-- Required work --
All lines in the material below that contain "photography" should be located and copied.

======== Given data ========

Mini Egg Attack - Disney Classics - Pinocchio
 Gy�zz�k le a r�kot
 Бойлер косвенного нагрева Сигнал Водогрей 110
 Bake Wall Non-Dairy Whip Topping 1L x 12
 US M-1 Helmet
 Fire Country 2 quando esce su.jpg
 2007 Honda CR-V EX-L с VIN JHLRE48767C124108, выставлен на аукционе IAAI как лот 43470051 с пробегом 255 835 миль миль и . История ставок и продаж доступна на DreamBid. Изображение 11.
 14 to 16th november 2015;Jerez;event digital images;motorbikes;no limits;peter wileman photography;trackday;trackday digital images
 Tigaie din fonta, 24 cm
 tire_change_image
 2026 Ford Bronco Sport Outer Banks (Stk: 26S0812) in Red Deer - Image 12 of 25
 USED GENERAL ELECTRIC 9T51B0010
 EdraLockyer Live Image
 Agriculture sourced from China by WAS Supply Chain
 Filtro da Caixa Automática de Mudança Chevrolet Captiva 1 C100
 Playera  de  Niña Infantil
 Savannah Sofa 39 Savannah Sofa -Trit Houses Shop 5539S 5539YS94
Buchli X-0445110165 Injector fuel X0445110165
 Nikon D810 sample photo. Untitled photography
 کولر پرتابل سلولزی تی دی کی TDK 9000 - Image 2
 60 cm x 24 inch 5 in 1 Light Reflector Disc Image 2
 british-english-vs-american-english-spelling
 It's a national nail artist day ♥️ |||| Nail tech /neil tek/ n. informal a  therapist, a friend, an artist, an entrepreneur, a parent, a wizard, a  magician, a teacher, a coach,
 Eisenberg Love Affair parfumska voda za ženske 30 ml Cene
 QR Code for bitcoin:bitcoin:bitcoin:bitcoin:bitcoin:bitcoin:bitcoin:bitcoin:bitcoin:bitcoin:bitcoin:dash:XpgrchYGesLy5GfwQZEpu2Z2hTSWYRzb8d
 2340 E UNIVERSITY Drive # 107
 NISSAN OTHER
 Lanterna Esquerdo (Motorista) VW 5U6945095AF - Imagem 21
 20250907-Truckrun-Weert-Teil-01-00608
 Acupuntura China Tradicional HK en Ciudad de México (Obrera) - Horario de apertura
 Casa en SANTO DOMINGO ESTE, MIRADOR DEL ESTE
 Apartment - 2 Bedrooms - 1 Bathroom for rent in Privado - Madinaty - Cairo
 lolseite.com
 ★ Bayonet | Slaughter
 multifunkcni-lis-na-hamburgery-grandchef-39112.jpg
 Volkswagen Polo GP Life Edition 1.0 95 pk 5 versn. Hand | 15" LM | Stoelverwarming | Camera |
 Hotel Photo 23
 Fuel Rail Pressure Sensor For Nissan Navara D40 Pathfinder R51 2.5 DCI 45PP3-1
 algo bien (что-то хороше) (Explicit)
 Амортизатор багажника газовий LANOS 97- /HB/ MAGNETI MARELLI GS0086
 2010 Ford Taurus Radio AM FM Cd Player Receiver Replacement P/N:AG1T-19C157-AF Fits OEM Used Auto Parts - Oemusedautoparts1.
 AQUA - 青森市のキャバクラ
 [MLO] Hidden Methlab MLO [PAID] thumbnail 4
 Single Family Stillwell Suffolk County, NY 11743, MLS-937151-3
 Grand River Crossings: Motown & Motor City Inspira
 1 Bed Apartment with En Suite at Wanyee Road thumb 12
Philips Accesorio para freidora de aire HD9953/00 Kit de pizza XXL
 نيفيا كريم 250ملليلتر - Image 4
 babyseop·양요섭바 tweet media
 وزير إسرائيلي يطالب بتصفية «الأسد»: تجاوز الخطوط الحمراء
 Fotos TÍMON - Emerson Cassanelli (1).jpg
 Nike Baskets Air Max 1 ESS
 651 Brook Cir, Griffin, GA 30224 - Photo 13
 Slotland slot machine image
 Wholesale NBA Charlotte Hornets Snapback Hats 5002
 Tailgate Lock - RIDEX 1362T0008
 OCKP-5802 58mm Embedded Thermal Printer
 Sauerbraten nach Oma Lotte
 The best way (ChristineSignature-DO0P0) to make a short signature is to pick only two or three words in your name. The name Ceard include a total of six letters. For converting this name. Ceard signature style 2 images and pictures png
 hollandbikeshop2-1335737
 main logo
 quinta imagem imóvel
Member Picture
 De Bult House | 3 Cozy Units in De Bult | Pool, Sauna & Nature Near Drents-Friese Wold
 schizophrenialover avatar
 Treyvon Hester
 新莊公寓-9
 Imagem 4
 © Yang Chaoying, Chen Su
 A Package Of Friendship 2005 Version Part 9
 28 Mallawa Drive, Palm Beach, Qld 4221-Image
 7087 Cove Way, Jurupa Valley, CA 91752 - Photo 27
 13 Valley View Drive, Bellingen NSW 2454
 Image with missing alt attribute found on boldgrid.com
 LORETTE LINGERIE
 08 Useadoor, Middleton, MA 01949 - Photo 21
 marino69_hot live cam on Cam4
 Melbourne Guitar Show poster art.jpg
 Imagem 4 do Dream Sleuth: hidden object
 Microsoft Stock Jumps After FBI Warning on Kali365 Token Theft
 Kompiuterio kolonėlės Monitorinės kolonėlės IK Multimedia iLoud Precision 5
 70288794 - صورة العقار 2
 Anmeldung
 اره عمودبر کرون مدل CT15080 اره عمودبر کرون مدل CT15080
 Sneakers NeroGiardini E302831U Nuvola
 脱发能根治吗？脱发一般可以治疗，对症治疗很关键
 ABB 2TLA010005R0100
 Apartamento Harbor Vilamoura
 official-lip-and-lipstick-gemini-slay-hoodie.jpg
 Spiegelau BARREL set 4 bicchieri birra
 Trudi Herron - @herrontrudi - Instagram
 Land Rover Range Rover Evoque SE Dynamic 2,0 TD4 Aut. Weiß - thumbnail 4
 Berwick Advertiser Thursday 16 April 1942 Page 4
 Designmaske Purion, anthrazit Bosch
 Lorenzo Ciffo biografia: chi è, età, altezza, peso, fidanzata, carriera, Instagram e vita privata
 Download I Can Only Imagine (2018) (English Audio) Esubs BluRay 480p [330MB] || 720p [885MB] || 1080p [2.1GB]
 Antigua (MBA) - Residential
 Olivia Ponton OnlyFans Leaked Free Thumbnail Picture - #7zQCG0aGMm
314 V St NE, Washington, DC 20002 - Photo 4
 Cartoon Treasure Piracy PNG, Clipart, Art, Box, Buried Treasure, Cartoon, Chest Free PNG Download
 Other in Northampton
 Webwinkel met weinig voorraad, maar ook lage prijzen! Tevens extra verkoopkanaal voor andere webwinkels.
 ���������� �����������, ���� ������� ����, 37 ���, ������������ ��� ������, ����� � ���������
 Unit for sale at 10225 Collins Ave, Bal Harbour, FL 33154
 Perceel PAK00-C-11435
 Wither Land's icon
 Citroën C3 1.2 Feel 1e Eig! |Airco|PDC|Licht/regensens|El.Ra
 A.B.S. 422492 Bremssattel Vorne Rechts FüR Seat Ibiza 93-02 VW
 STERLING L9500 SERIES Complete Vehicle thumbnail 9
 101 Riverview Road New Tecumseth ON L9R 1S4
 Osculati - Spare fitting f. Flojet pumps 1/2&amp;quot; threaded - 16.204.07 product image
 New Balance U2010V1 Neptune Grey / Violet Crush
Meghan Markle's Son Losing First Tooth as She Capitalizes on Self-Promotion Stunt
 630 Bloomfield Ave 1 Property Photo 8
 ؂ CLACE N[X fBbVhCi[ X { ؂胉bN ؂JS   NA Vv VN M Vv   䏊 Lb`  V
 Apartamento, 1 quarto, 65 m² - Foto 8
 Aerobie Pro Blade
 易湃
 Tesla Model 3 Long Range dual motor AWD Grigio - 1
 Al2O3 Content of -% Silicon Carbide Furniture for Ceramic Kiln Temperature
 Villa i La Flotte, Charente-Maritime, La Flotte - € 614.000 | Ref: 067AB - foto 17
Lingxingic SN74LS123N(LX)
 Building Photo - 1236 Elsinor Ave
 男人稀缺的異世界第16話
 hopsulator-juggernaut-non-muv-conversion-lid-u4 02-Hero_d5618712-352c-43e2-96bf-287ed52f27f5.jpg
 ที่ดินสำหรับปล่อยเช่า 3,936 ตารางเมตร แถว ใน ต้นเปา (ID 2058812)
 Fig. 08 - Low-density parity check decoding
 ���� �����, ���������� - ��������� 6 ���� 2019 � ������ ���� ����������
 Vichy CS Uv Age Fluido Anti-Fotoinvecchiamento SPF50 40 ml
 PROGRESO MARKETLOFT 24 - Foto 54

========

-- Exercise result --
 14 to 16th november 2015;Jerez;event digital images;motorbikes;no limits;peter wileman photography;trackday;trackday digital images
 Nikon D810 sample photo. Untitled photography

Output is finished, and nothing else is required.